# TASK TO CARRY OUT:
Please return only the lines between the line with "Carta del restaurante" and the final line of the entries, both included, and exclude pictures.

# Short descriptive text snippets:
'''
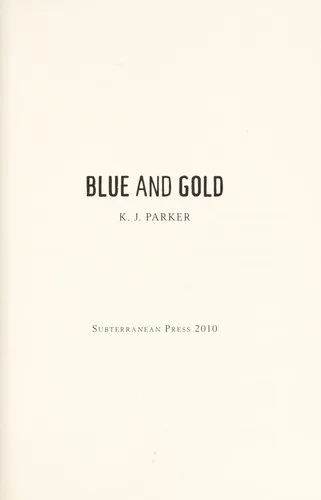 Blue and gold (2010)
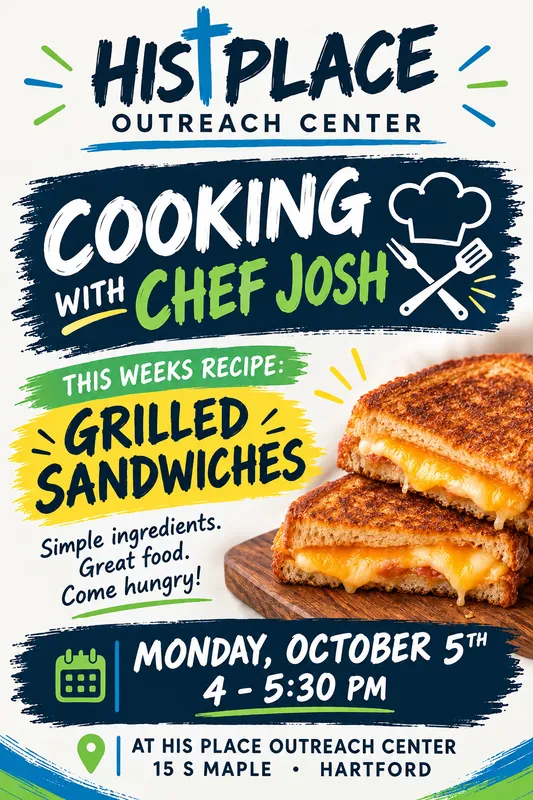 Cooking with Chef Josh
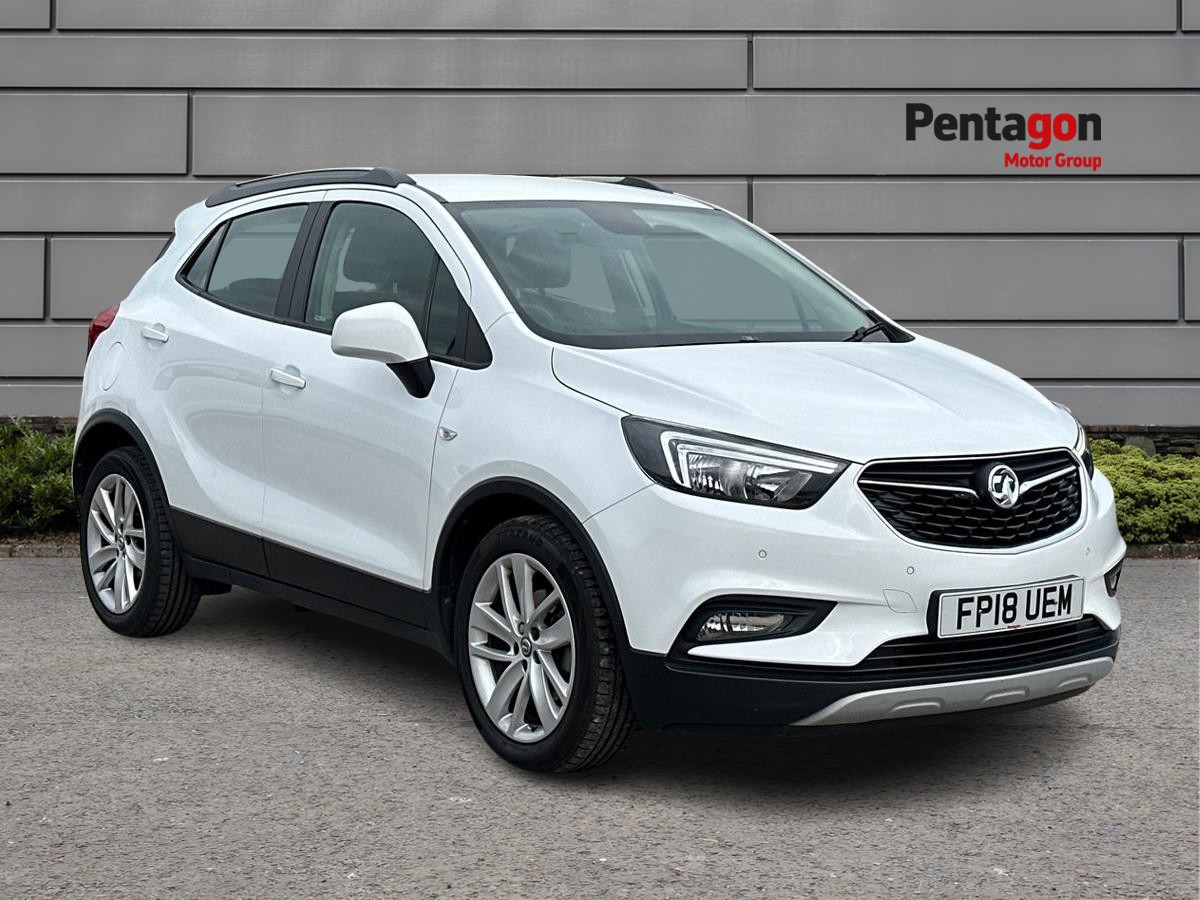 Main listing image - Vauxhall Mokka X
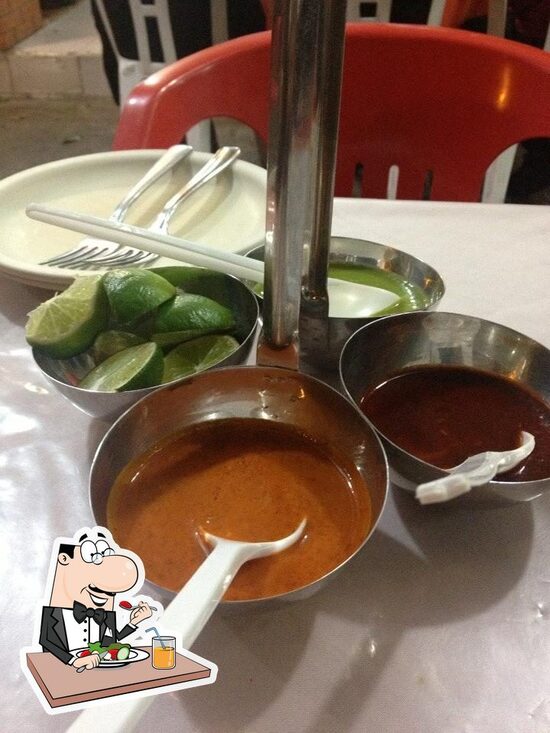 Carta del restaurante Tacos Al Pastor, Veracruz, Calle España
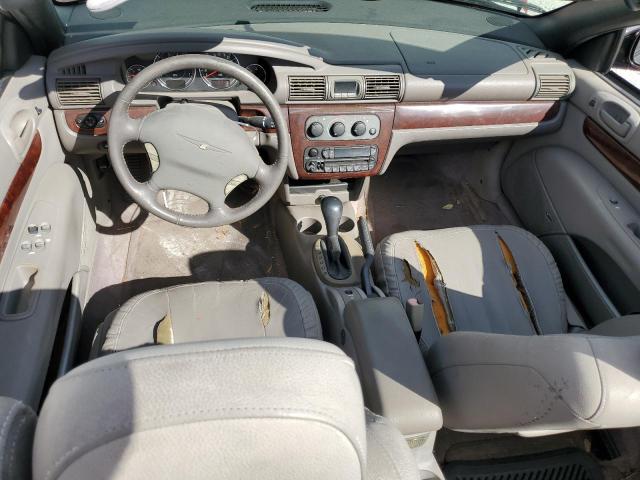 Photo 8 from auction – 2001 CHRYSLER SEBRING LX with VIN 1C3EL55U71N624392
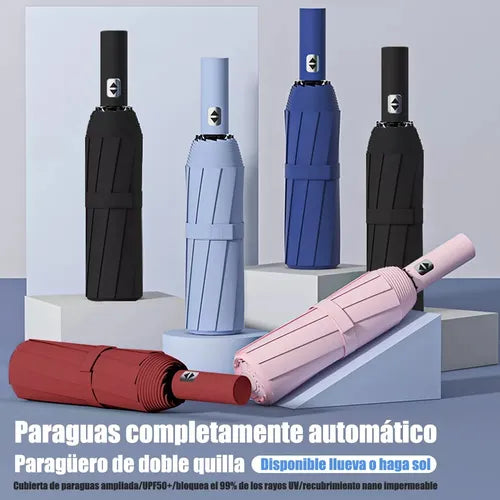 Sombrilla Paraguas Presidencial Automatica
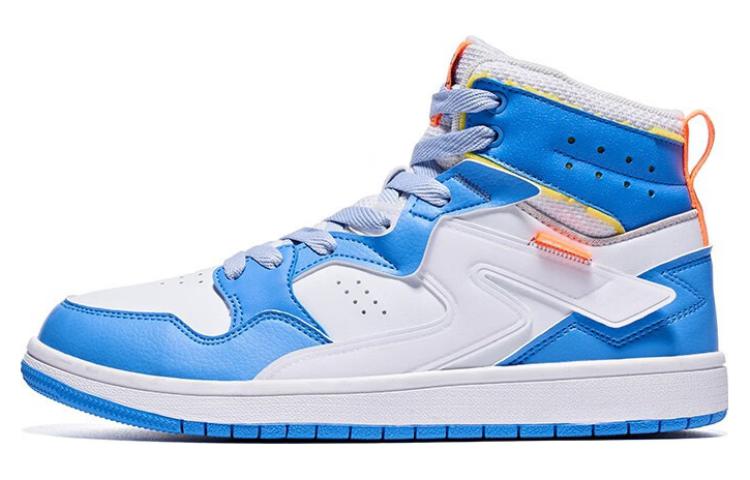 QIAODAN Кроссовки для скейтбординга с противоскользящим покрытием, износостойкие, мужские, белые, синие
QIAODAN Кроссовки для скейтбординга с противоскользящим покрытием, износостойкие, мужские, белые, синие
'''
# TASK ANSWER:
 Carta del restaurante Tacos Al Pastor, Veracruz, Calle España
 Photo 8 from auction – 2001 CHRYSLER SEBRING LX with VIN 1C3EL55U71N624392
 Sombrilla Paraguas Presidencial Automatica
 QIAODAN Кроссовки для скейтбординга с противоскользящим покрытием, износостойкие, мужские, белые, синие
QIAODAN Кроссовки для скейтбординга с противоскользящим покрытием, износостойкие, мужские, белые, синие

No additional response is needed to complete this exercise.